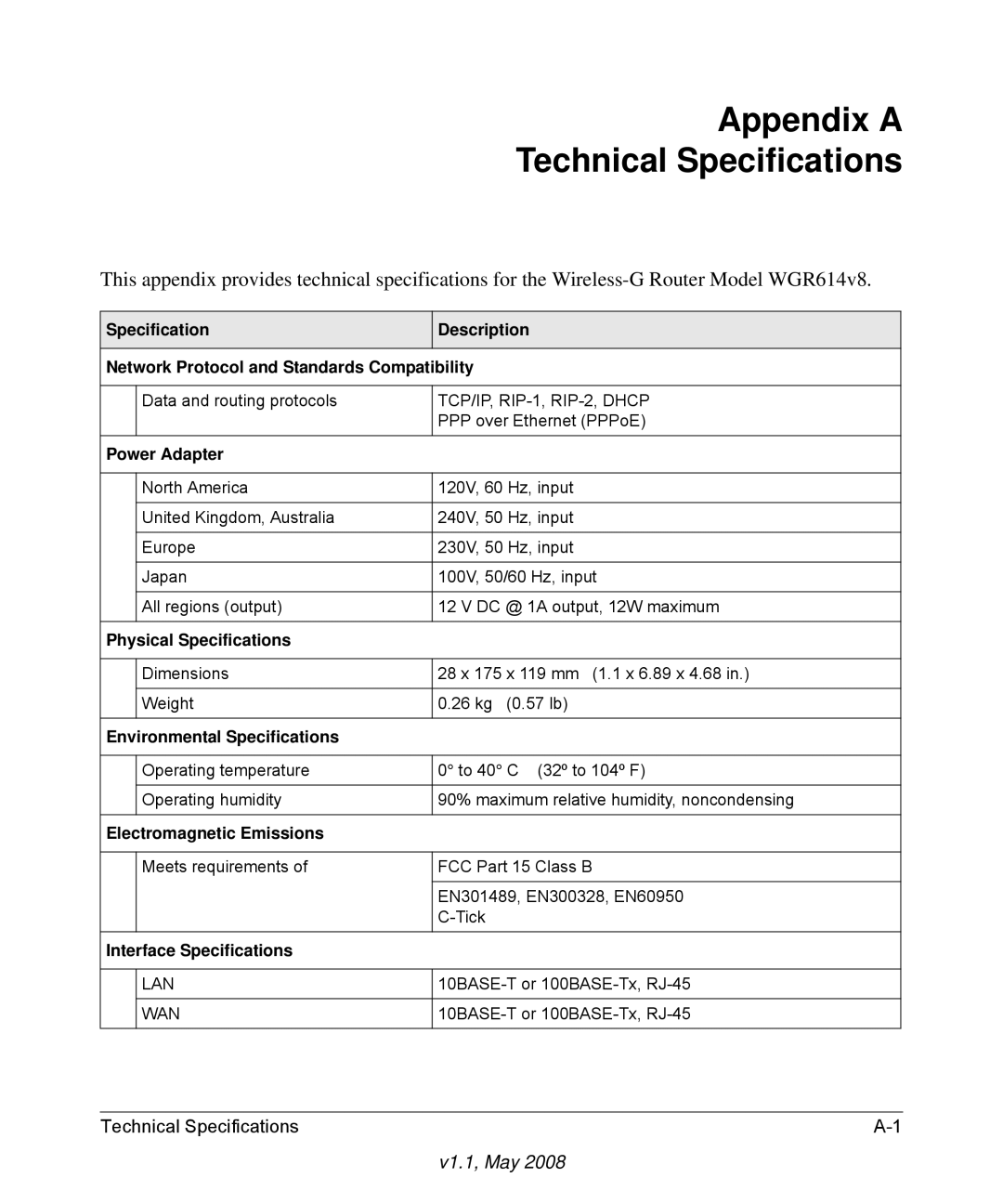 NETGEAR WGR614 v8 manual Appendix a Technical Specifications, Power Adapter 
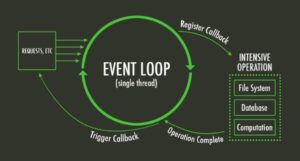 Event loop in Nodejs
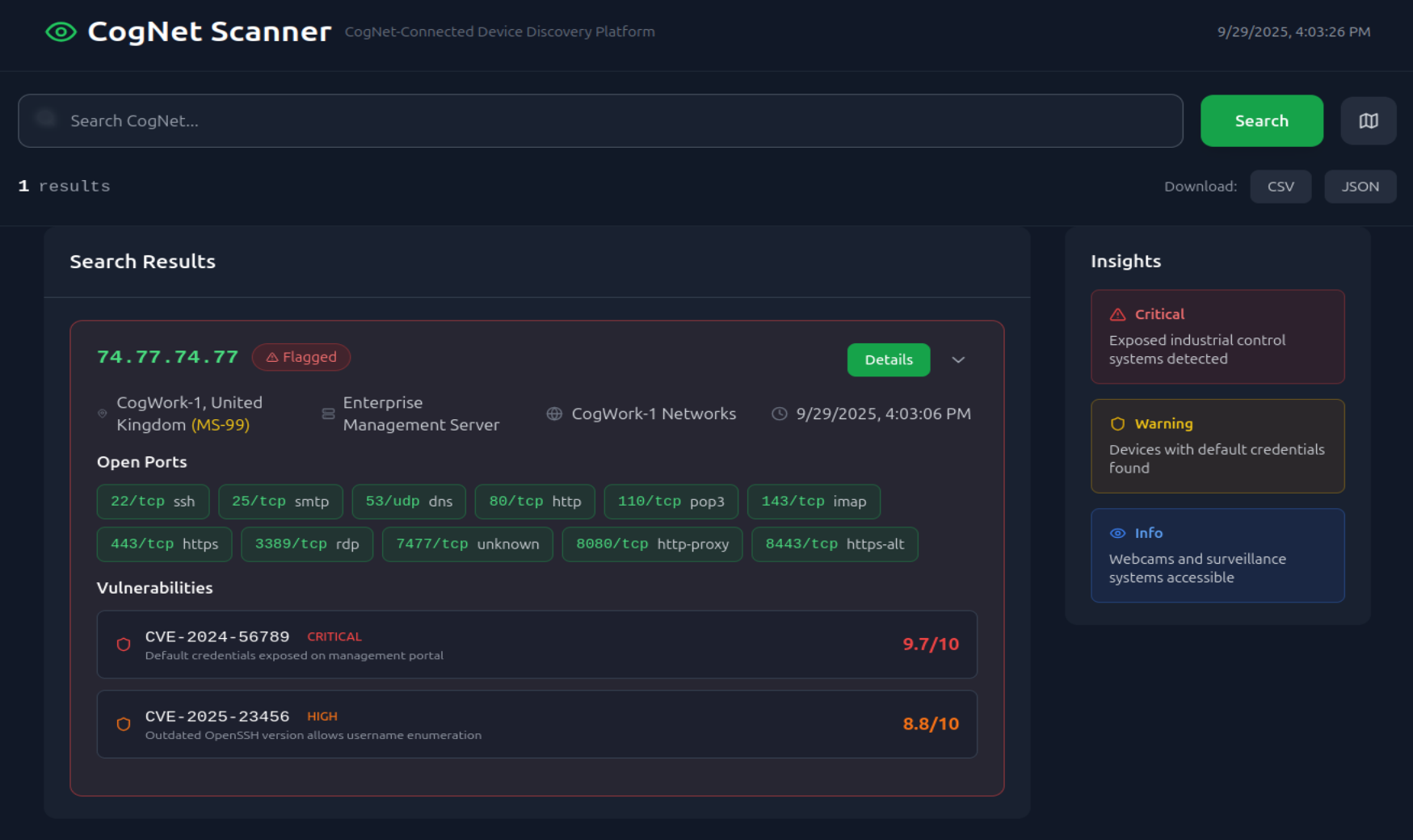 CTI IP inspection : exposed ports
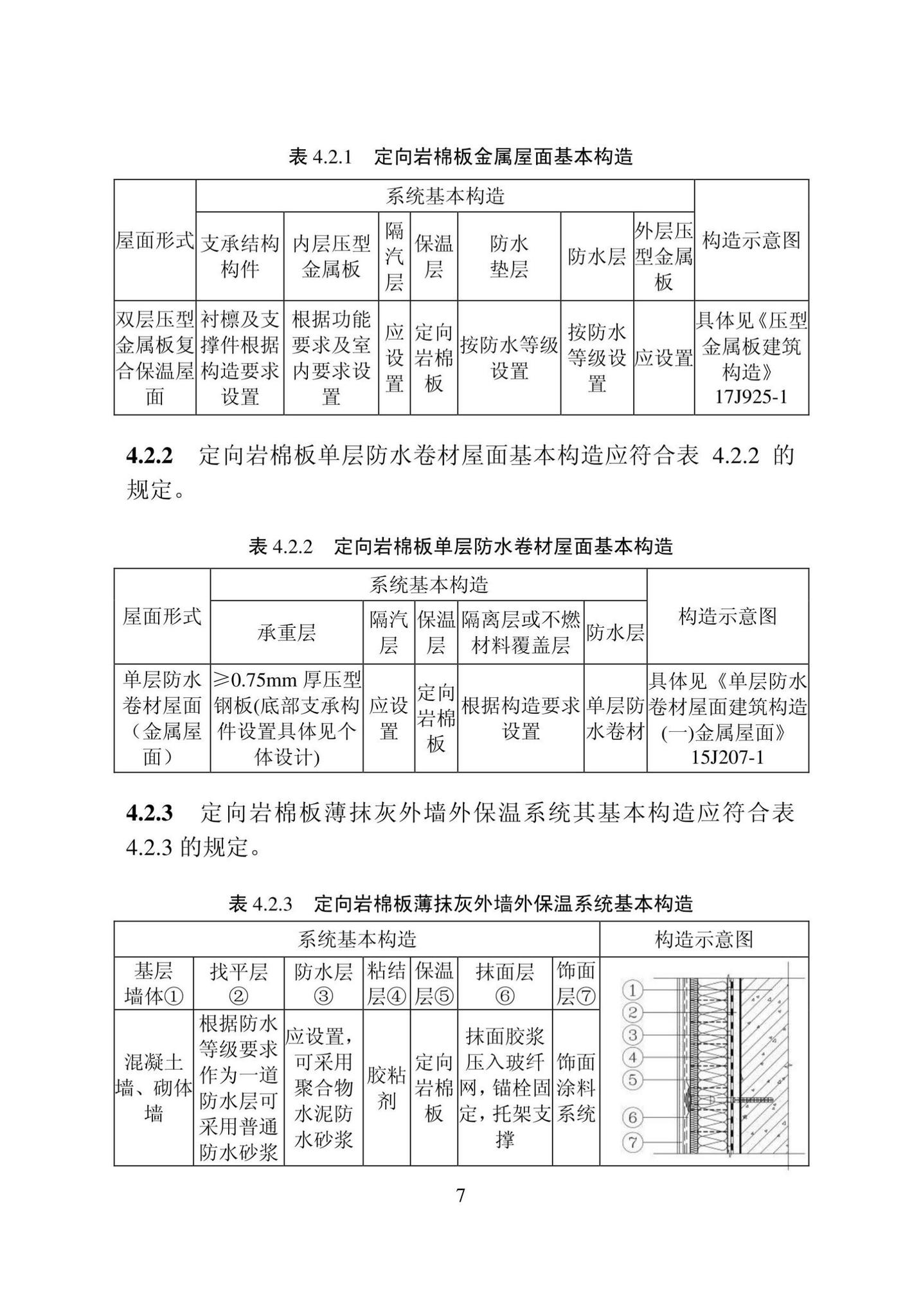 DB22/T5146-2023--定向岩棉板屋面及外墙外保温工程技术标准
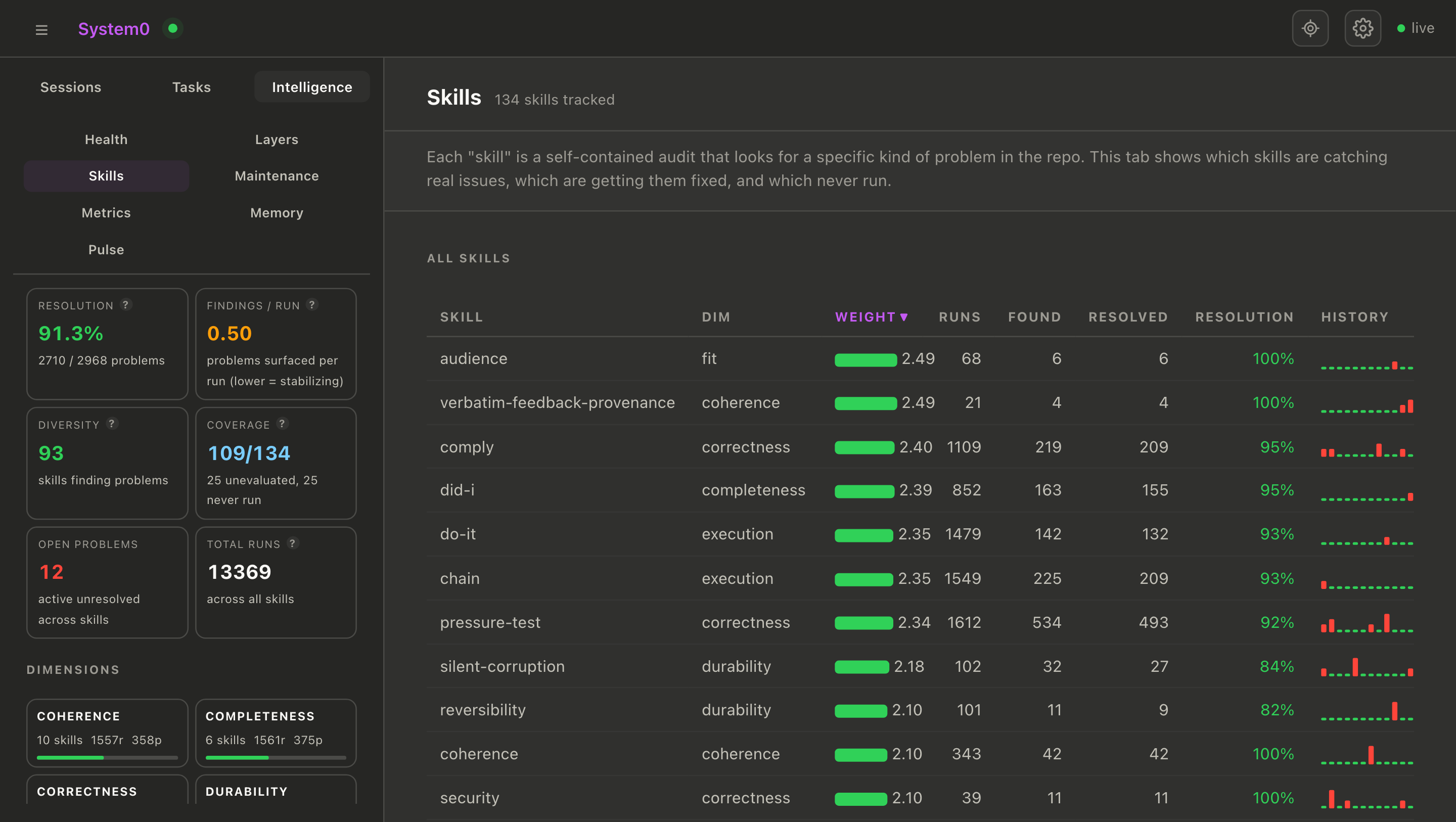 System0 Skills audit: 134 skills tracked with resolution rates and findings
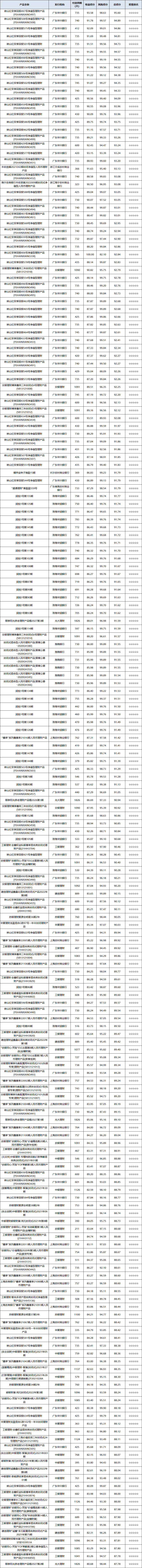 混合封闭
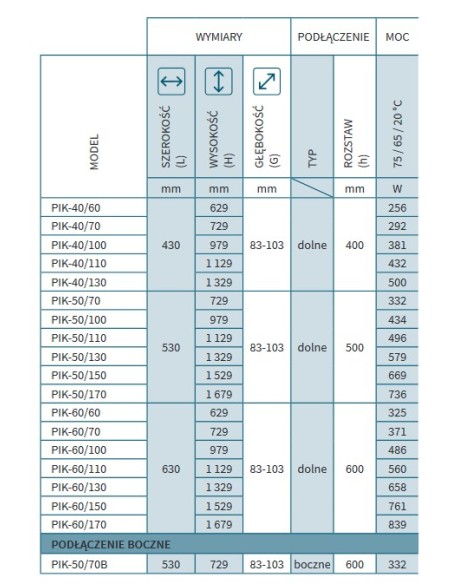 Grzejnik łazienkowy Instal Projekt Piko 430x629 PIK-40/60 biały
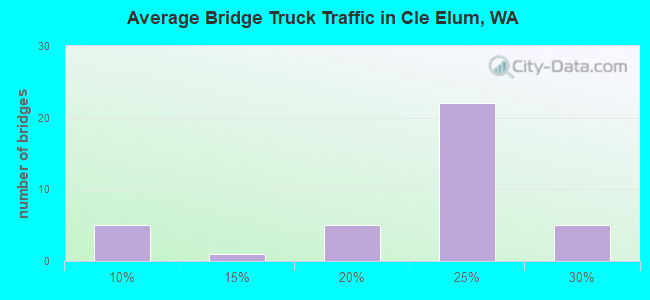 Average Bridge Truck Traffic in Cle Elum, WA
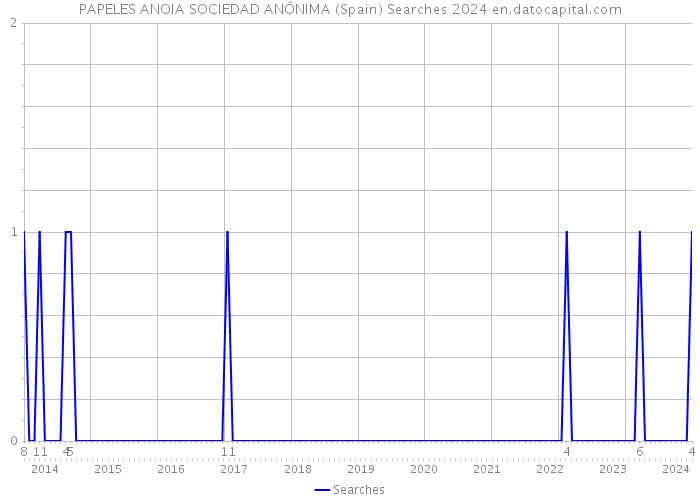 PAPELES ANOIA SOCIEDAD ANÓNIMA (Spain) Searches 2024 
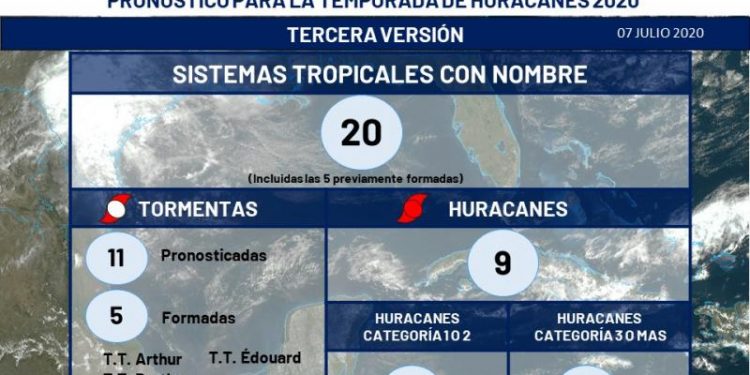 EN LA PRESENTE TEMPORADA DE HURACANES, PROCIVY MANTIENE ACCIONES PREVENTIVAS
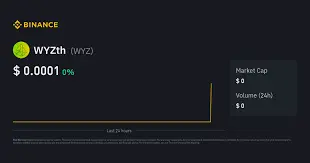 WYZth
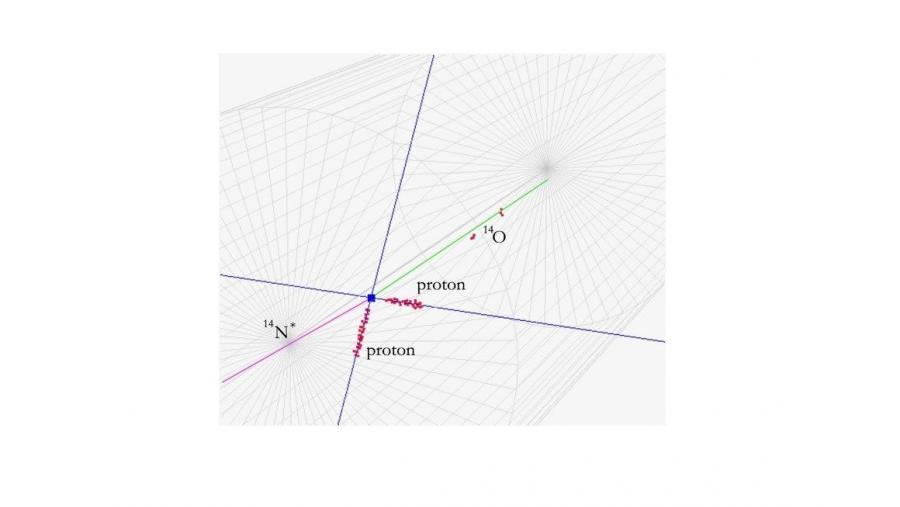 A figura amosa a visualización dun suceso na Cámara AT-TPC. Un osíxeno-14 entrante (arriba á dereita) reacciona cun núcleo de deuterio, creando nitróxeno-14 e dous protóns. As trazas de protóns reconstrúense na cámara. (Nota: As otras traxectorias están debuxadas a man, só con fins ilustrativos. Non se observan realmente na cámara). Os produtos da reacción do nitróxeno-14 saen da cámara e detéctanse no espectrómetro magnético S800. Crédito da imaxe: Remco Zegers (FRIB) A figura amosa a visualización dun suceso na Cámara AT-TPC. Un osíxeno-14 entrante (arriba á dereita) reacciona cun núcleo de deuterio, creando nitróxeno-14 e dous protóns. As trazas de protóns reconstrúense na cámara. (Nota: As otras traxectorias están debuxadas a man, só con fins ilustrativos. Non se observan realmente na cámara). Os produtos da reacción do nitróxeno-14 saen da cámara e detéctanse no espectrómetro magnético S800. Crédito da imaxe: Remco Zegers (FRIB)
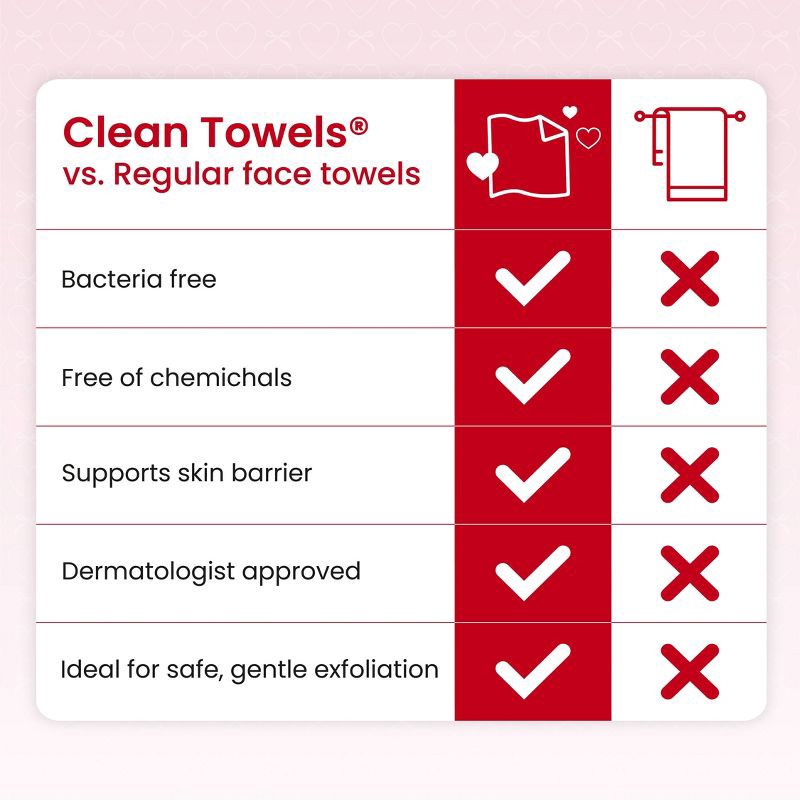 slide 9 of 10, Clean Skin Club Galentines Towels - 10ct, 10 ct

[Brief]: Repeat the records exactly but leave out the images.

[Solution to this problem]:
 NETGEAR WGR614 v8 manual Appendix a Technical Specifications, Power Adapter 
 Event loop in Nodejs
 CTI IP inspection : exposed ports
 DB22/T5146-2023--定向岩棉板屋面及外墙外保温工程技术标准
 System0 Skills audit: 134 skills tracked with resolution rates and findings
 混合封闭
 Grzejnik łazienkowy Instal Projekt Piko 430x629 PIK-40/60 biały
 Average Bridge Truck Traffic in Cle Elum, WA
 PAPELES ANOIA SOCIEDAD ANÓNIMA (Spain) Searches 2024 
 EN LA PRESENTE TEMPORADA DE HURACANES, PROCIVY MANTIENE ACCIONES PREVENTIVAS
 WYZth
 A figura amosa a visualización dun suceso na Cámara AT-TPC. Un osíxeno-14 entrante (arriba á dereita) reacciona cun núcleo de deuterio, creando nitróxeno-14 e dous protóns. As trazas de protóns reconstrúense na cámara. (Nota: As otras traxectorias están debuxadas a man, só con fins ilustrativos. Non se observan realmente na cámara). Os produtos da reacción do nitróxeno-14 saen da cámara e detéctanse no espectrómetro magnético S800. Crédito da imaxe: Remco Zegers (FRIB) A figura amosa a visualización dun suceso na Cámara AT-TPC. Un osíxeno-14 entrante (arriba á dereita) reacciona cun núcleo de deuterio, creando nitróxeno-14 e dous protóns. As trazas de protóns reconstrúense na cámara. (Nota: As otras traxectorias están debuxadas a man, só con fins ilustrativos. Non se observan realmente na cámara). Os produtos da reacción do nitróxeno-14 saen da cámara e detéctanse no espectrómetro magnético S800. Crédito da imaxe: Remco Zegers (FRIB)
 slide 9 of 10, Clean Skin Club Galentines Towels - 10ct, 10 ct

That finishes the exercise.